Речь над гробом Заболоцкого
Наташа Роскина, с которой мы дружили, Слуцкого терпеть не могла. Имени его не могла слышать спокойно. И надо признать, что некоторые основания для этого у нее были.
Наташа одно время была женой Николая Алексеевича Заболоцкого. Брак их оказался непрочным и, наверно, правильнее было бы назвать его не браком, а коротким и бурным романом. Но роман этот оставил глубокий след в жизни обоих. У Заболоцкого это отразилось в дивных стихах лирического цикла «Последняя любовь», одного из лучших созданий любовной лирики в русской поэзии ХХ века. В том, что лучшие стихи этого цикла посвящены Наташе, для тех, кто знал ее, не может быть никаких сомнений. В одном из них даже отчетливо запечатлен очень похожий ее портрет:
А Наташа об этом их недолгом браке – или долгом романе – рассказала в прозе. В очень честных, не щадящих ни его, ни себя воспоминаниях, которые ей еще при жизни удалось напечатать (не на родине, конечно, где это тогда было невозможно, а в Париже).
В этих воспоминаниях она и выплеснула свою обиду на Слуцкого.
Ее больно задел такой отрывок из его воспоминаний о Заболоцком:
Однажды в Тарусе, когда я провожал Н. А. на дачу Оттена, где нас ждали Паустовский и Семынин, мы проходили мимо недостроенного дома. Может быть, это был не дом, а котлован. Заболоцкий сказал:
– А ведь я все строительные профессии знаю. И землекопом был, и каменщиком, и плотником, и прорабом большого участка.
В другой раз на общий чересчур вопрос о шести лагерных годах: «Ну, как там было?» – он ответил не распространяясь:
– И плохо было, и очень плохо, и очень даже хорошо.
Это воспоминание не просто обидело Наташу. Оно ее возмутило.

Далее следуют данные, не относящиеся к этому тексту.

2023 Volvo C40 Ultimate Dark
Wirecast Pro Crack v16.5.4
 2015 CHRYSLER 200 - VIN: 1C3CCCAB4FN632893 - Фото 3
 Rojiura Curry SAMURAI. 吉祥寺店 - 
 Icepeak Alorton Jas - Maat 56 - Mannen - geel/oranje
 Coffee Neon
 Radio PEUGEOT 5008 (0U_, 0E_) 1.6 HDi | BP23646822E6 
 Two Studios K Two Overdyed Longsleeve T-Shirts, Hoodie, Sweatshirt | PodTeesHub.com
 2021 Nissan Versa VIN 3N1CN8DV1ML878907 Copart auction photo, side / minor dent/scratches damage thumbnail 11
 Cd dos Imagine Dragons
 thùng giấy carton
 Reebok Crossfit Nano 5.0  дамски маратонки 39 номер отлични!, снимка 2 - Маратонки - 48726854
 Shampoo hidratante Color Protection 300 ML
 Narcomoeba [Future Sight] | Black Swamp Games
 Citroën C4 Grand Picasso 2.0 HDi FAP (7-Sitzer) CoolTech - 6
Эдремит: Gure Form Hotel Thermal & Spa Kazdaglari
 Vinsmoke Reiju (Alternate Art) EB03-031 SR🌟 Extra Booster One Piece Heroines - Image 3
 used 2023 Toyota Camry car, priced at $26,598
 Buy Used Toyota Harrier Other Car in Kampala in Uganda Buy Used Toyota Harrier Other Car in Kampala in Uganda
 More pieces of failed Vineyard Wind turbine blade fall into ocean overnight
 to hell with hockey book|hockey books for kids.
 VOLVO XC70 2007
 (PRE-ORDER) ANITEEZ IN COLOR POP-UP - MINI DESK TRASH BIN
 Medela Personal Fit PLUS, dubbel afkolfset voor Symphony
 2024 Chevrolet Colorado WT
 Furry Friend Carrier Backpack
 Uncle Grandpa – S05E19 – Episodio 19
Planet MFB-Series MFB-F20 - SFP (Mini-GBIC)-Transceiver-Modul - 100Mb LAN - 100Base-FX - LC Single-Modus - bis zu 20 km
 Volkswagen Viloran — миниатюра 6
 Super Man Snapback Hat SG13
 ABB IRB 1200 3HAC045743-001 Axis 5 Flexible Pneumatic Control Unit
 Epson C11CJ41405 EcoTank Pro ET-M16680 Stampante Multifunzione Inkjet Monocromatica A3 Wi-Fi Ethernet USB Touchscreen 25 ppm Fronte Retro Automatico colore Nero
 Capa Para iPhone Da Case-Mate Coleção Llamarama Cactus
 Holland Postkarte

Он редко и мало рассказывал мне о годах своего заключения, но один эпизод рассказывал даже несколько раз, и с большим волнением. Он говорил мне, что начальник лагеря спрашивал его непосредственного начальника: "Ну, как там Заболоцкий – стихи пишет?" – "Нет, – отвечал начальник. – Какое там. Не пишет: больше, говорит, никогда в жизни писать не будет". – "Ну то-то".
И когда он в лицах изображал мне разговор этих двух начальников, в глазах его было что-то зловещее.
Выступая с речью на похоронах Заболоцкого, Борис Слуцкий передал следующий разговор, будто бы бывший у него с Заболоцким в Тарусе. Они проходили мимо какой-то стройки, и Заболоцкий сказал: "Я прошел все этапы строительства. Я был и землекопом, и плотником, и чертежником, и прорабом". И будто бы эти слова" он произнес с каким-то удовлетворением.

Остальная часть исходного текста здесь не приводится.